5 KUPALI VAKIFBANK

Alev ANAKÖK (Konuk Yazar)
27 Haziran 2022
465

5 KUPALI VAKIFBANK

 

Bu sezona damgasını vuran ekip hiç şüphesiz ki Vakıfbank oldu. Önce Spor- Toto Şampiyonlar Kupasını kazandı. Sonra FİVB Dünya Kulüpler 

Şampiyonluğuna uzandı. AXA Sigorta Kupa Volley de tüm rakiplerini geride bıraktı. Misli Com. Sultanlar Ligi’nde mutlu sona ulaştı. Bu başarılarına bir de CEV Şampiyonlar Ligi birinciliğini ekledi. Böylece sezonu 5 kupa ile kapatarak tarih yazdı.

Bunlardan üçünü daha önce sizlerle paylaşmıştım. Dergimizin 17. Yaş gününü kutladığımız geçen ayki sayımızda, baskıya girecek olmamız nedeniyle Sultanlar Ligi Final Serisi’nin ilk iki maçından söz etmiş, devamını bu yazıya bırakmıştım.

Ama gelin önce, Avrupa Şampiyonlar Ligi Finali’nde kozlarını paylaşan Vakıfbank- İmoco Conegliano mücadelesine göz atalım. 

Maçın ilk seti için bir yorum yapamıyorum. Çünkü, katılmak zorunda olduğum bir toplantıdan çıkıp, koştur koştur evin yolunu tutmama karşın ancak ikinci setin başlarında (5-4) televizyonun karşısına oturabildim.

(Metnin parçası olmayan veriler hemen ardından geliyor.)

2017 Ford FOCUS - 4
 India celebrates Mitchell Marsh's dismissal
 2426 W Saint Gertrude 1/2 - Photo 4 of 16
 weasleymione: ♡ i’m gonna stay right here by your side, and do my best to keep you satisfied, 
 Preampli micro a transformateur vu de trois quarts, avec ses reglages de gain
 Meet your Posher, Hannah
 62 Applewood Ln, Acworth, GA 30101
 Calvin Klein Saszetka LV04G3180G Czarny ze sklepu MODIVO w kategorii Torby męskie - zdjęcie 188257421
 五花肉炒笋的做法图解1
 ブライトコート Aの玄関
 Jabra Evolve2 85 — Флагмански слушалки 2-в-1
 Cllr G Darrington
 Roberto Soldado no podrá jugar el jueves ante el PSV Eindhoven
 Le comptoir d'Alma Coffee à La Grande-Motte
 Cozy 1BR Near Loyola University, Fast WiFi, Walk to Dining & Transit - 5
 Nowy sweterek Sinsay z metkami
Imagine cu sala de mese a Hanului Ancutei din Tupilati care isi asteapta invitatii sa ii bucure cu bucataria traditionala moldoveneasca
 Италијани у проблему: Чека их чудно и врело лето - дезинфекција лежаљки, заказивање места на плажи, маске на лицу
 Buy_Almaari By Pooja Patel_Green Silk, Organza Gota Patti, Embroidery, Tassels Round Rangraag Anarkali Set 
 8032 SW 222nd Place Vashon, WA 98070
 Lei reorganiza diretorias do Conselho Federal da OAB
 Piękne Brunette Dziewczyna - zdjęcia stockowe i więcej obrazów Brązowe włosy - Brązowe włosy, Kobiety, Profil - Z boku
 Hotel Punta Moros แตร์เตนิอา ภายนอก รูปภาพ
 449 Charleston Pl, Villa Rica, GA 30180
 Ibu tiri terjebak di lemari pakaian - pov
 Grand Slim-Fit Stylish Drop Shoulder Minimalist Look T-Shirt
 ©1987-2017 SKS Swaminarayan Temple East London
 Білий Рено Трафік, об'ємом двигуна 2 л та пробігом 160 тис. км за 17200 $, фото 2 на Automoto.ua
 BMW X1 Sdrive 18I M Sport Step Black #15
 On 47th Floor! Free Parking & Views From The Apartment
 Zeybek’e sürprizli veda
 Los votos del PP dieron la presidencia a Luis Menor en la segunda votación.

Eskiden öğrencilerin en çok ileri sürdükleri “Elektrikler kesikti, onun için çalışamadım hocam” mazereti var ya, bende 1 seti “çalışamadım dostlar” diyerek 5-4 den sonrasını için düşüncelerimi paylaşayım. Bu sayı sonrası  kızlarımız hızlandılar, benimde keyfim yerinde: 11-6, 13-7. “İlk seti de 25-22 aldığımıza göre her şey yolunda” derken, nazar mı değdirdim ne (gerçi pek inandığımda söylenemez ama). Kaçan servisler dengemizi bozdu ve sayılar 16-16 oluverdi. Çabuk toparlandık ve yürüdük: 20-17, 23-18, 25-21.

Her şey yolunda gibi. Ancak heyecanım bir türlü yatışmıyor. Kalkıp bir şeyler içsem mi diye düşünüyorum ama dişlerimde ki problem nedeniyle doktor “sıcak- soğuk bir şey içme” dediği için tekrar yerime oturuyorum.  3. Set karşılıklı sayılarla başlıyor. 4-4. Öne geçiyorlar 4-6, 6-8. Yakalıyoruz: 9-9. 11-10. Haak’ın servisleri, Ogbogu’nun bloğu derken 15-11. Başlayan durgunluk, Gabi dışında top öldüremiyoruz: 17-17. Özellikle Bartsch-Hacley hücumda yok. Plaselerle bir şeyler yapmak istiyor, bu seviyede ki maçlarda tabi ki işlemiyor ve 21-21’den sonra 2 sayı geriye düşüveriyoruz: 21-23. Bu arada ben Hackley’e de, onu değiştirmediği için Guidetti’ye de söylenip duruyorum. İmoco  bu avantajı kaçırmıyor: 23-25.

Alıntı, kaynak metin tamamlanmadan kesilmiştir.